[Start of Attachment]

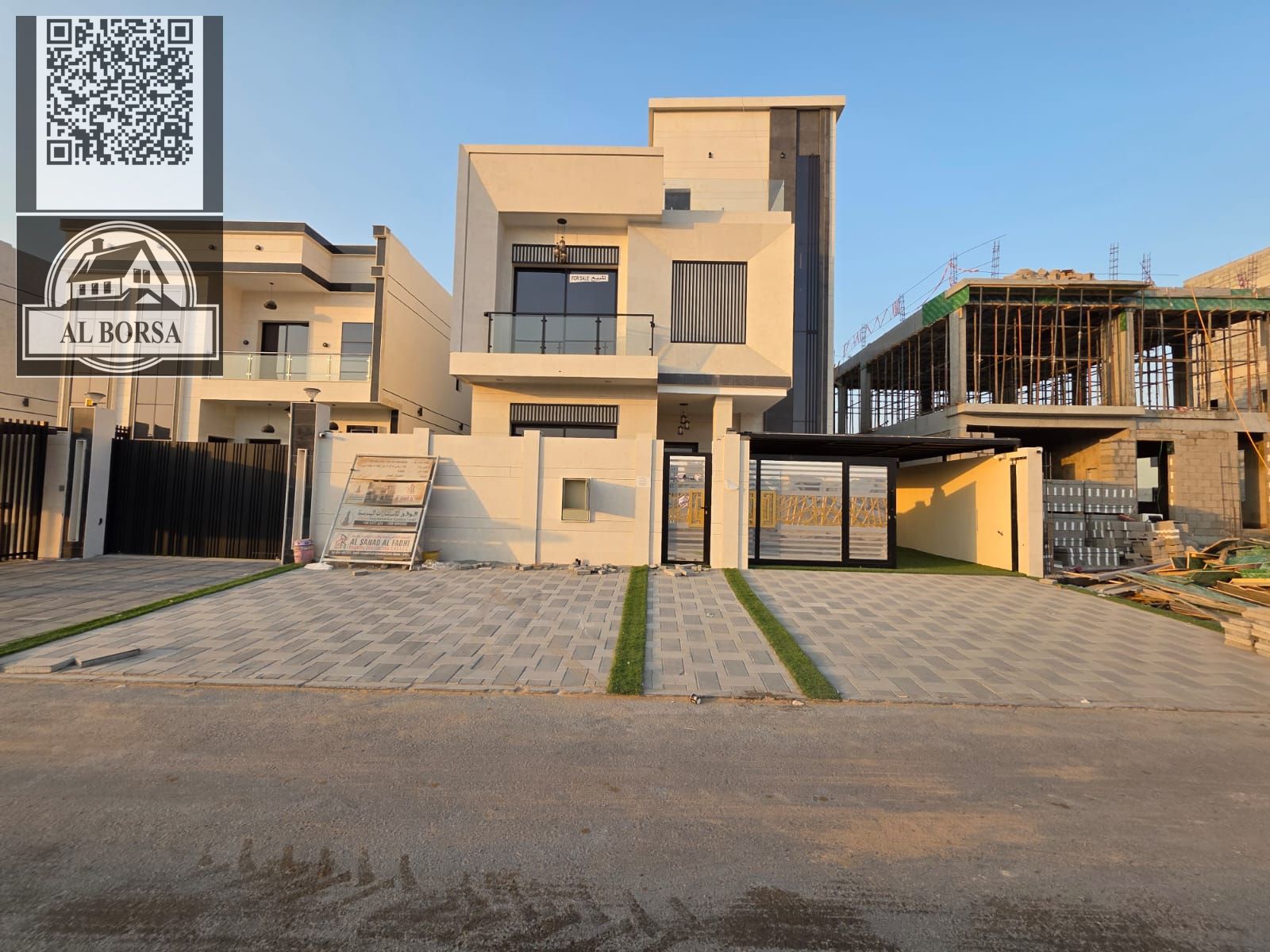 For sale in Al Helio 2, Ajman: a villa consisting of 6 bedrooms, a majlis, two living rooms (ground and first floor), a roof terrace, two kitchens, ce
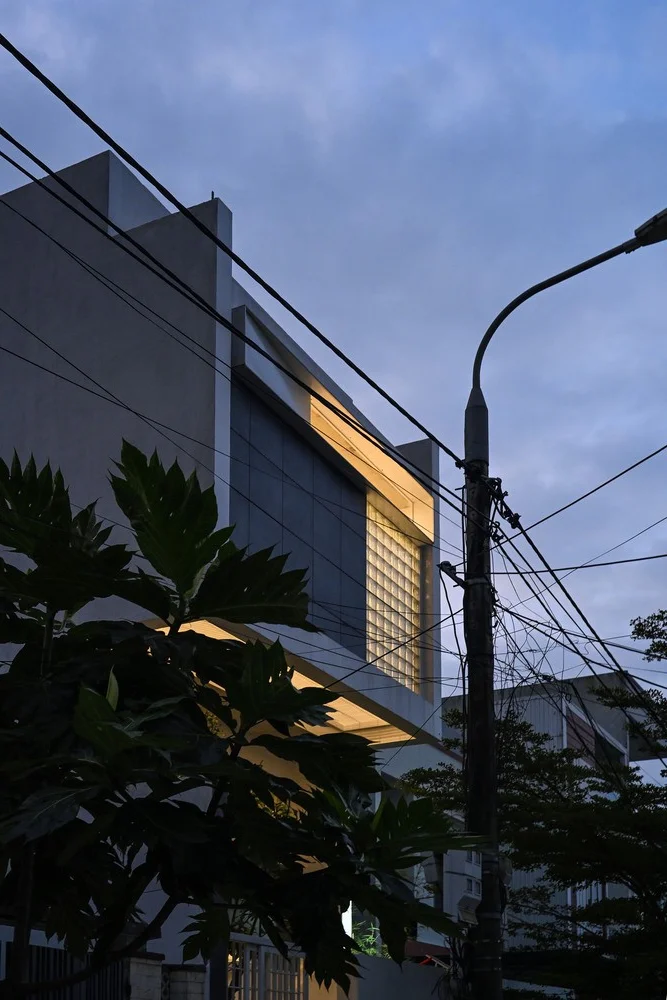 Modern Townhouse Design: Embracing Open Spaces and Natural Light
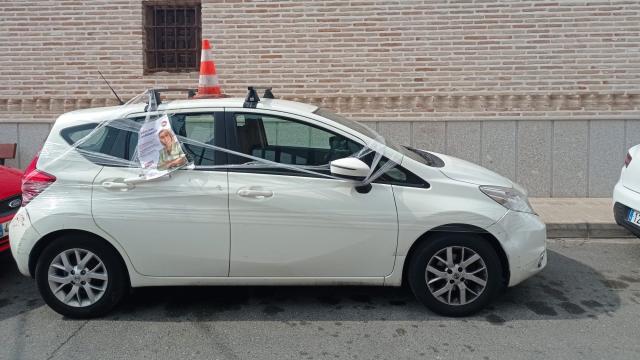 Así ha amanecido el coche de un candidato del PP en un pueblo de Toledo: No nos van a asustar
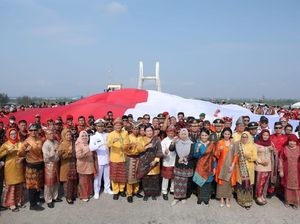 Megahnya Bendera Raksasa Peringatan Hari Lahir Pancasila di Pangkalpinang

[End of Attachment]
[Start of Attachment]

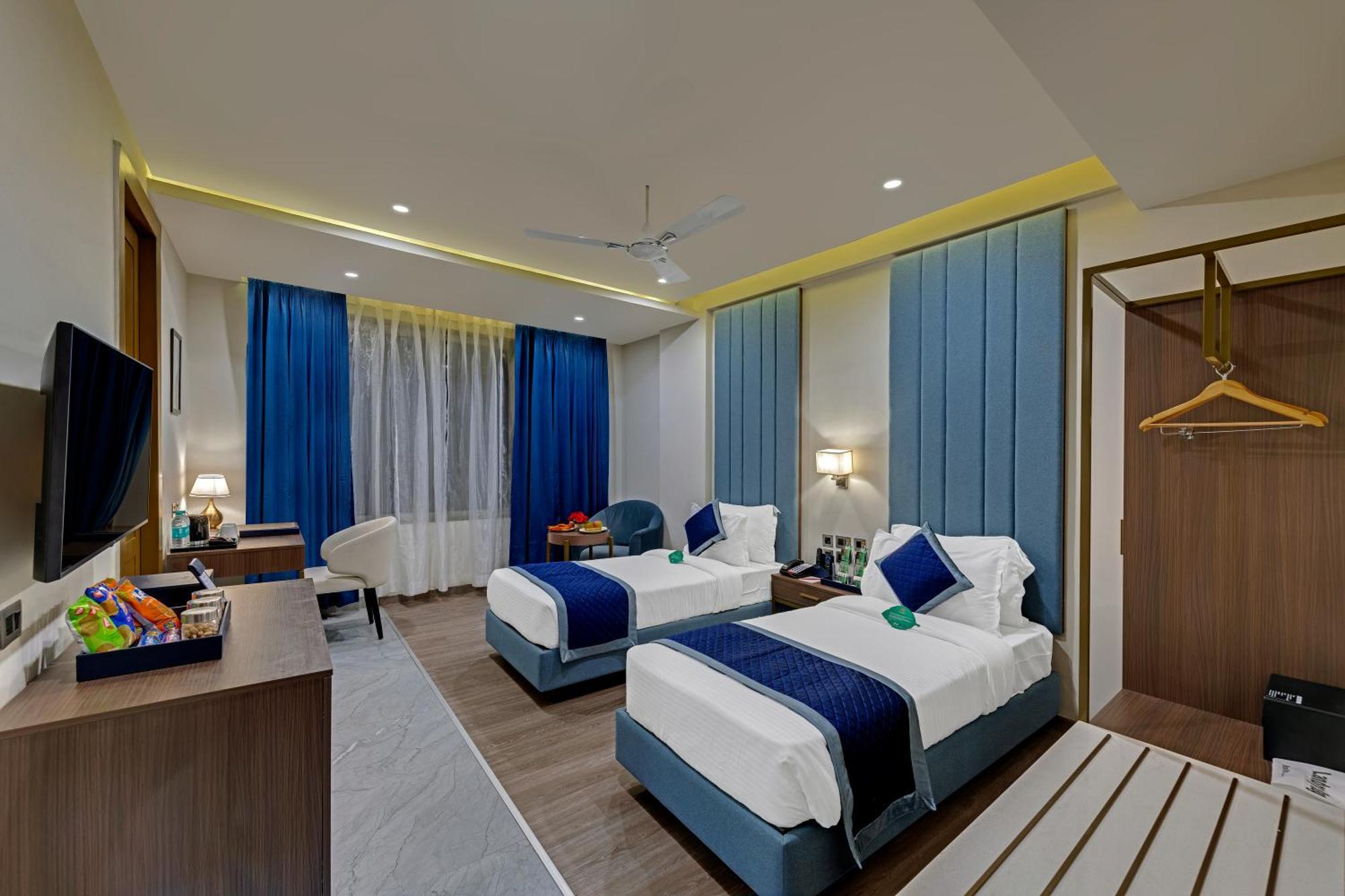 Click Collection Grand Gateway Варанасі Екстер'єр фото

[End of Attachment]

Find the line with "For sale in" in the entries above. Set down exactly every line from it up to and including the line with "Megahnya Bendera Raksasa", images excluded.

 For sale in Al Helio 2, Ajman: a villa consisting of 6 bedrooms, a majlis, two living rooms (ground and first floor), a roof terrace, two kitchens, ce
 Modern Townhouse Design: Embracing Open Spaces and Natural Light
 Así ha amanecido el coche de un candidato del PP en un pueblo de Toledo: No nos van a asustar
 Megahnya Bendera Raksasa Peringatan Hari Lahir Pancasila di Pangkalpinang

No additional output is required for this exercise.